WHAT IS BEING ASKED:
Every line of the listing should be repeated exactly.

------------------------------------------------------------

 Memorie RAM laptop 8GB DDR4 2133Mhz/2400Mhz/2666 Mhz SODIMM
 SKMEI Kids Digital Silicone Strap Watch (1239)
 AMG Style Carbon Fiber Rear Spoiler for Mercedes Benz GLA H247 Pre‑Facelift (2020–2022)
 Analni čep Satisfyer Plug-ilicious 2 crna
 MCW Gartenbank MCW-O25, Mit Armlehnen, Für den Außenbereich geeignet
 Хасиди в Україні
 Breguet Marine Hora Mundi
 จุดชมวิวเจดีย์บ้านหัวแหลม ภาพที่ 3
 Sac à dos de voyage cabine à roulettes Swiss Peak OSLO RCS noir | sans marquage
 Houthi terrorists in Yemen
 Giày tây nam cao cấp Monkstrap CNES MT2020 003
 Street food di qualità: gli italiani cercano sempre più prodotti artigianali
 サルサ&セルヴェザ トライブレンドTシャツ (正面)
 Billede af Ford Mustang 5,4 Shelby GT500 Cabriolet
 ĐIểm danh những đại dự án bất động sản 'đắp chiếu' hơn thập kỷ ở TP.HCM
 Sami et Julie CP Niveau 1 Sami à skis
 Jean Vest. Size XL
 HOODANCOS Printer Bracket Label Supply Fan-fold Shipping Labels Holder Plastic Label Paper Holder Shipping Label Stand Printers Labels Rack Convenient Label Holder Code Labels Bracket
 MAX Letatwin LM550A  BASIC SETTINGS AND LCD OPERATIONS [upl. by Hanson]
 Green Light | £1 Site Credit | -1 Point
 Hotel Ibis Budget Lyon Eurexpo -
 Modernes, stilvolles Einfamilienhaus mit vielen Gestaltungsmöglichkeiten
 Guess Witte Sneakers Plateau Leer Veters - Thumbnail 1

------------------------------------------------------------

EXERCISE ANSWER:
 Memorie RAM laptop 8GB DDR4 2133Mhz/2400Mhz/2666 Mhz SODIMM
 SKMEI Kids Digital Silicone Strap Watch (1239)
 AMG Style Carbon Fiber Rear Spoiler for Mercedes Benz GLA H247 Pre‑Facelift (2020–2022)
 Analni čep Satisfyer Plug-ilicious 2 crna
 MCW Gartenbank MCW-O25, Mit Armlehnen, Für den Außenbereich geeignet
 Хасиди в Україні
 Breguet Marine Hora Mundi
 จุดชมวิวเจดีย์บ้านหัวแหลม ภาพที่ 3
 Sac à dos de voyage cabine à roulettes Swiss Peak OSLO RCS noir | sans marquage
 Houthi terrorists in Yemen
 Giày tây nam cao cấp Monkstrap CNES MT2020 003
 Street food di qualità: gli italiani cercano sempre più prodotti artigianali
 サルサ&セルヴェザ トライブレンドTシャツ (正面)
 Billede af Ford Mustang 5,4 Shelby GT500 Cabriolet
 ĐIểm danh những đại dự án bất động sản 'đắp chiếu' hơn thập kỷ ở TP.HCM
 Sami et Julie CP Niveau 1 Sami à skis
 Jean Vest. Size XL
 HOODANCOS Printer Bracket Label Supply Fan-fold Shipping Labels Holder Plastic Label Paper Holder Shipping Label Stand Printers Labels Rack Convenient Label Holder Code Labels Bracket
 MAX Letatwin LM550A  BASIC SETTINGS AND LCD OPERATIONS [upl. by Hanson]
 Green Light | £1 Site Credit | -1 Point
 Hotel Ibis Budget Lyon Eurexpo -
 Modernes, stilvolles Einfamilienhaus mit vielen Gestaltungsmöglichkeiten
 Guess Witte Sneakers Plateau Leer Veters - Thumbnail 1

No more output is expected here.